Much has been made of the “Chicago Principles,” formal statements by the University of Chicago concerning the institutional inclusion of opposing political viewpoints. Articulated in 2015, the principles seek to set expectations concerning the accommodation of all perspectives, especially within group settings such as public-speaking events, but also, theoretically, in publications and disciplines. Also produced by the institution is the so-called Kalven Report, which commits the university to a principle of “institutional neutrality.” Some universities are actively copying these principles: starting a center or issuing memoranda. Others even seek to organize a new institution, all of which reveals a widespread belief in viewpoint plurality.
The Chicago Principles have gained much fame due to their deemphasis of such ideological concepts as “safe spaces,” “trigger warnings,” and other sensitivities that are usually invoked when students reject positions or views that challenge their belief structures. There’s no doubt that this is a welcome pushback from the perspective of many students, parents, faculty, and campus speakers. It is also a mature position for a university to take in a legal sense, as free speech is both constitutionally protected and recognized in case law from student and university litigation, going back several decades.

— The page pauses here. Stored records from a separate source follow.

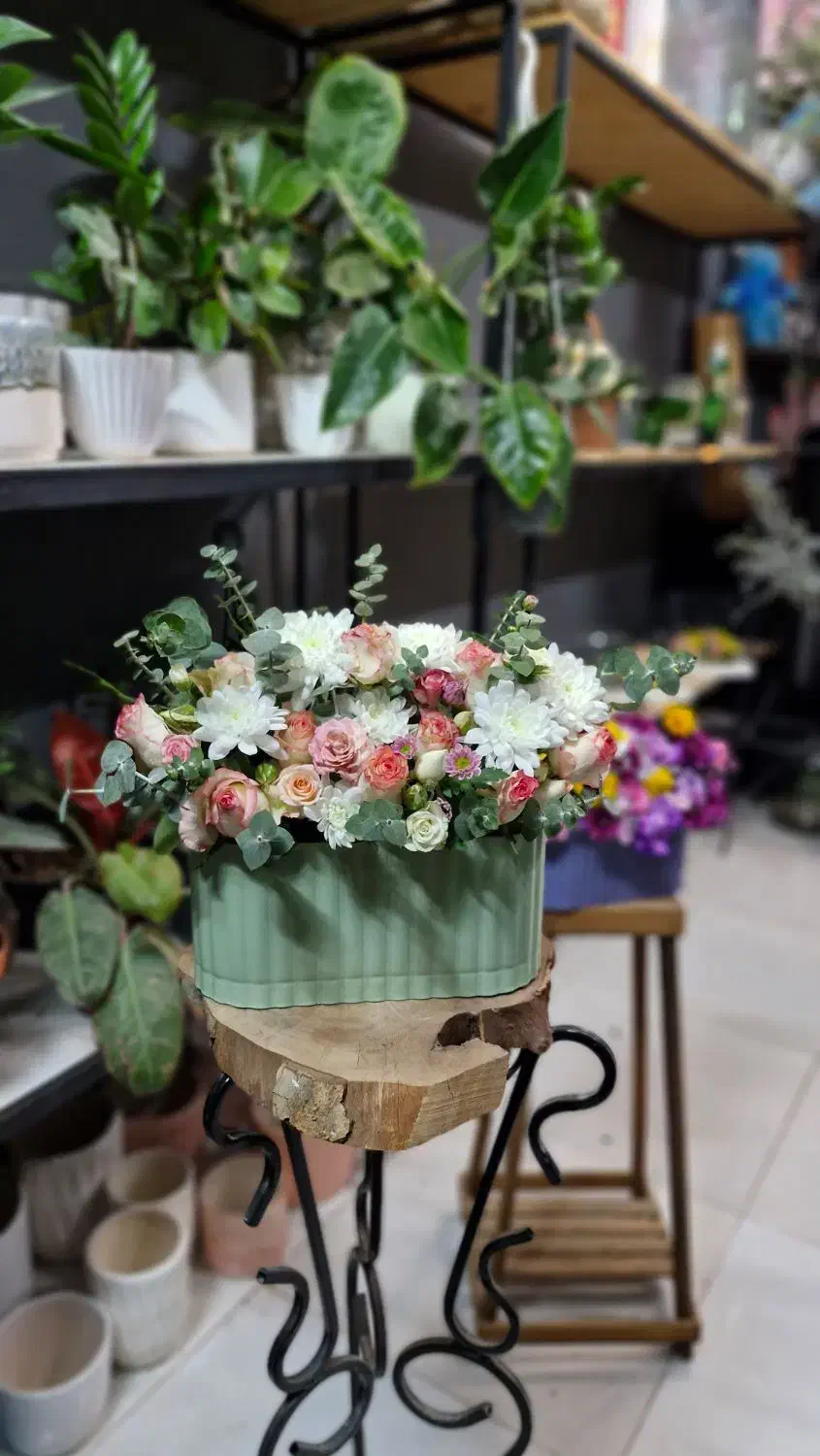 باکس گل|گل و گیاه طبیعی|مشهد, شهرک امام هادی (شهرک غرب)|دیوار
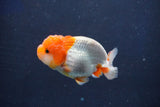 Juvenile Lionchu  Red White 3 Inch (ID#1022R11b-38) Free2Day SHIPPING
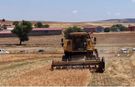 Kütahya’da 18 farklı nohut çeşidi aynı alanda yetiştirildi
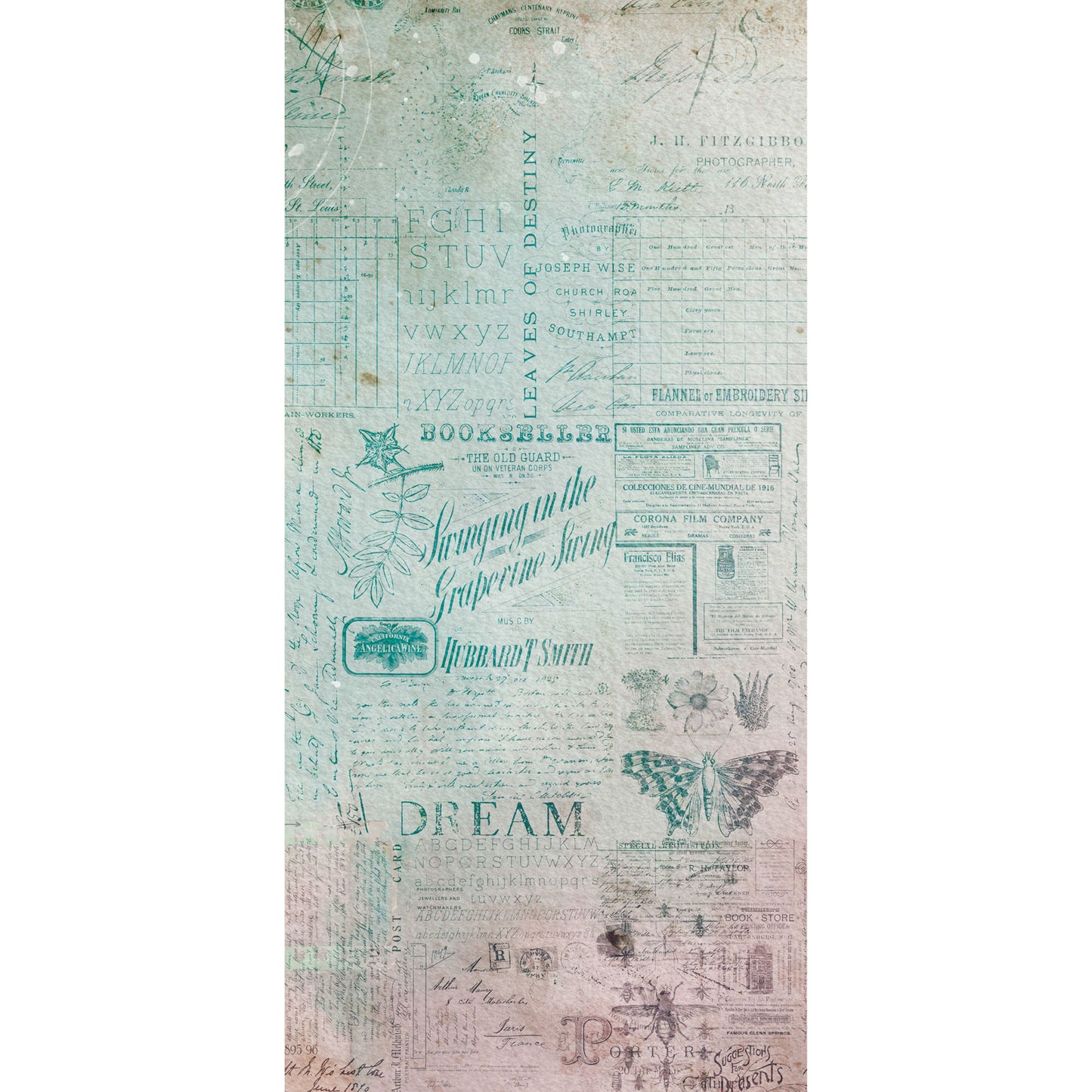 49 & Market - The Quiet Observer - Washi Tape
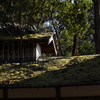 屋根、苔のむすままに②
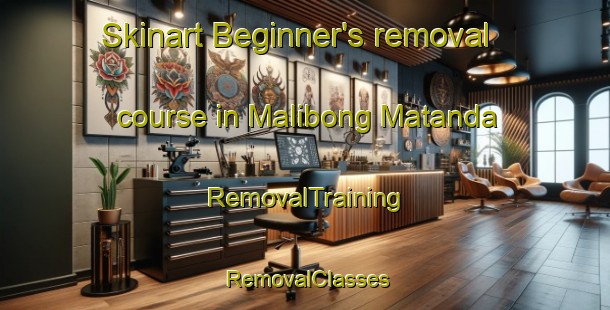 Skinart Beginner's removal course in Malibong Matanda | RemovalTraining | RemovalClasses | SkinartTraining-Philippines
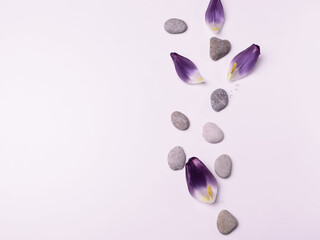 light spa background with gray stones and tulip petals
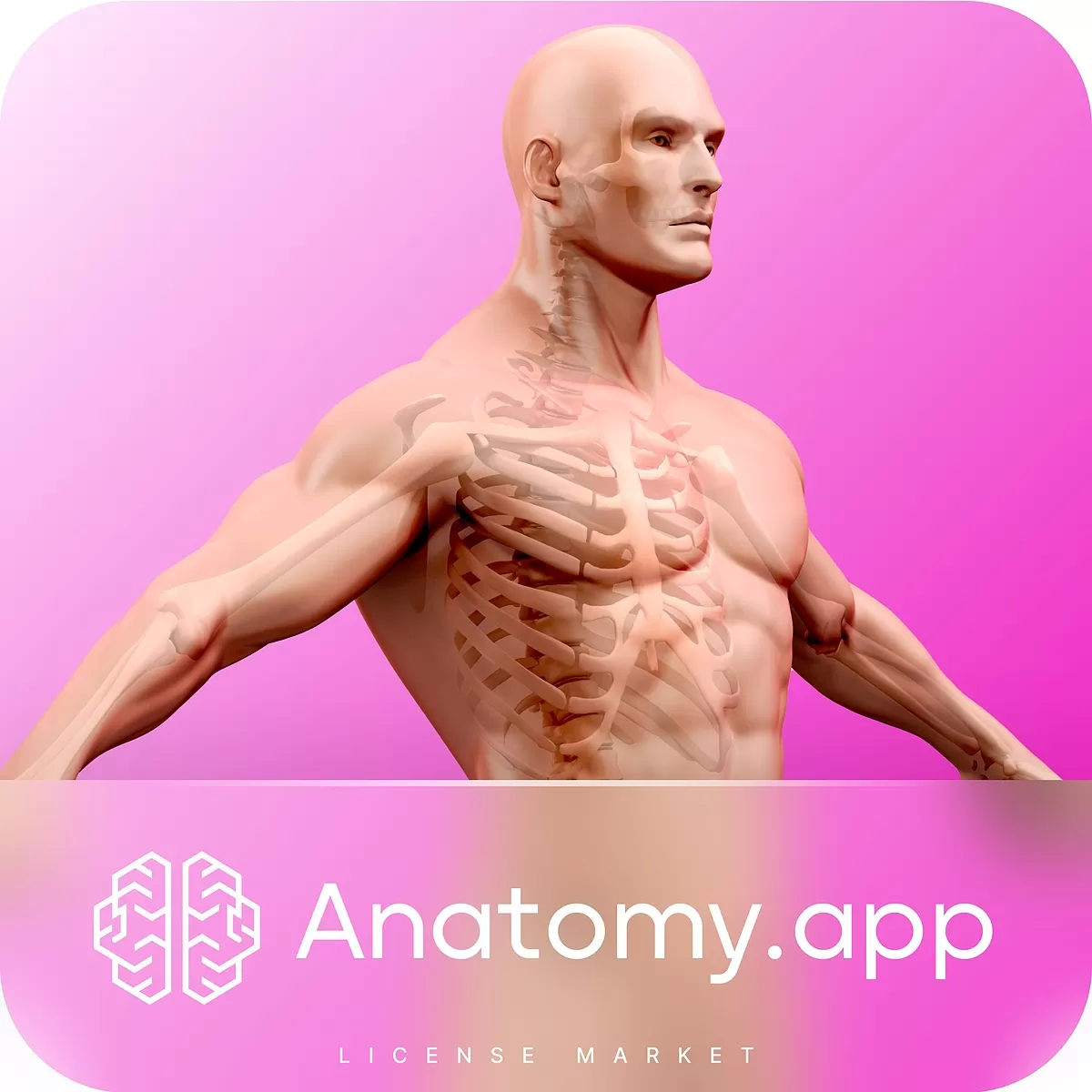 خرید اکانت Anatomy app روی ایمیل شما (با 91% تخفیف)
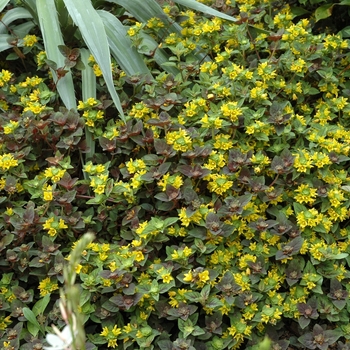 Lysimachia congestiflora - 'Persian Chocolate' Loosestrife
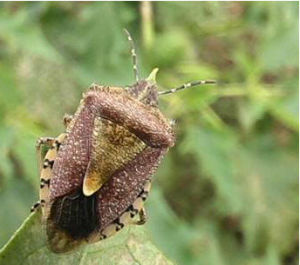 三點盲蝽 三點盲蝽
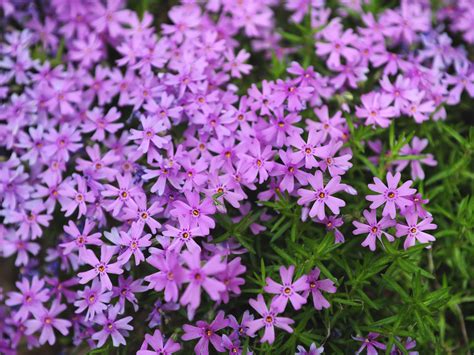 Purple Perennial Ground Cover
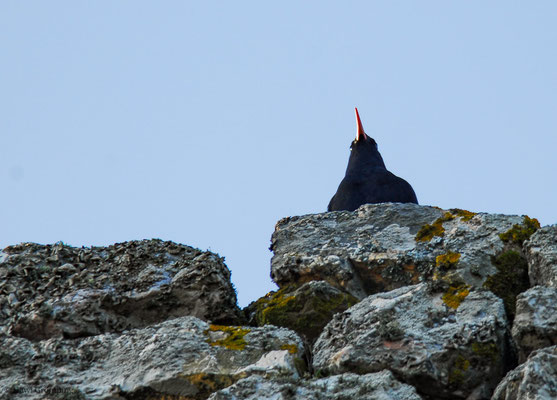 ALPENKRÄHE, CHOUGH, PYRRHOCORAX PYRRHOCORAX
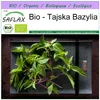 SAFLAX - Bio - Tajska Bazylia - 250 Nasiona - Ocimum Podgląd zdjęcia produktu 10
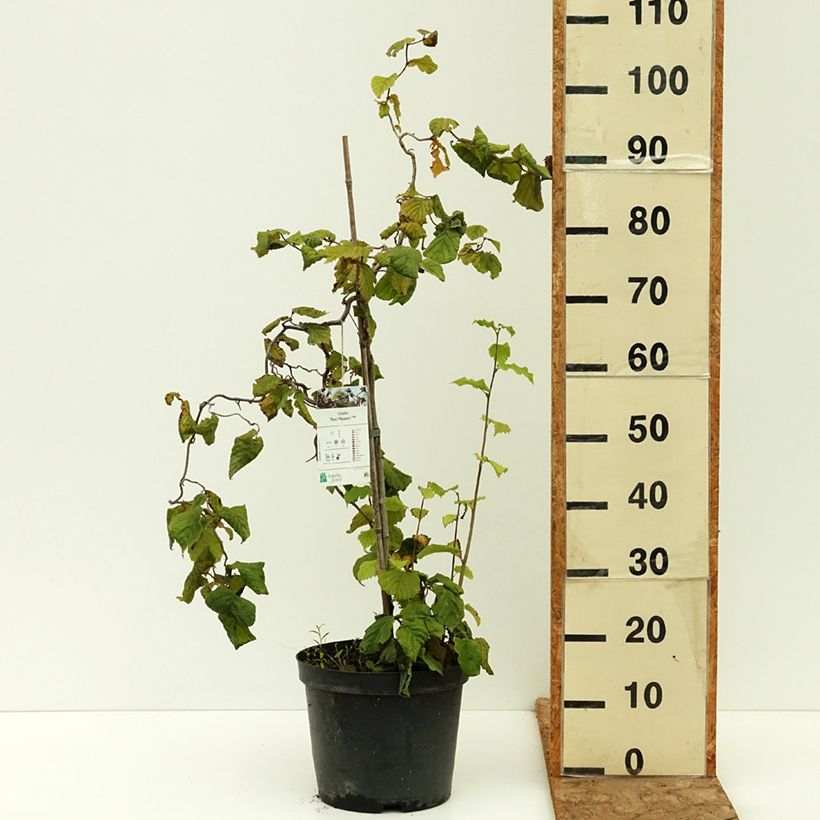 Esemplare di Corylus avellana Red Majestic - Nocciolo comune Vaso da 3L/4L, Vaso impalcato consegnato in estate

Finally, the Chicago Principles have served as good branding, as their declaration has differentiated the University of Chicago from nearly all its peers. UChicago has been praised as a “haven of heterodoxy.” To a certain extent this is true.
But in another critical context it is not. Many of the University of Chicago’s core administrative actions and programs are consolidated behind one political position, and not just in a casual or ad hoc way but systematically, throughout its organization. How this political or ideological position should be characterized is a good question, because it doesn’t fall neatly into a traditional category. It is both highly conservative in one sense and radically progressive in another. What both elements have in common is obedience to government-industrial policy and objectives.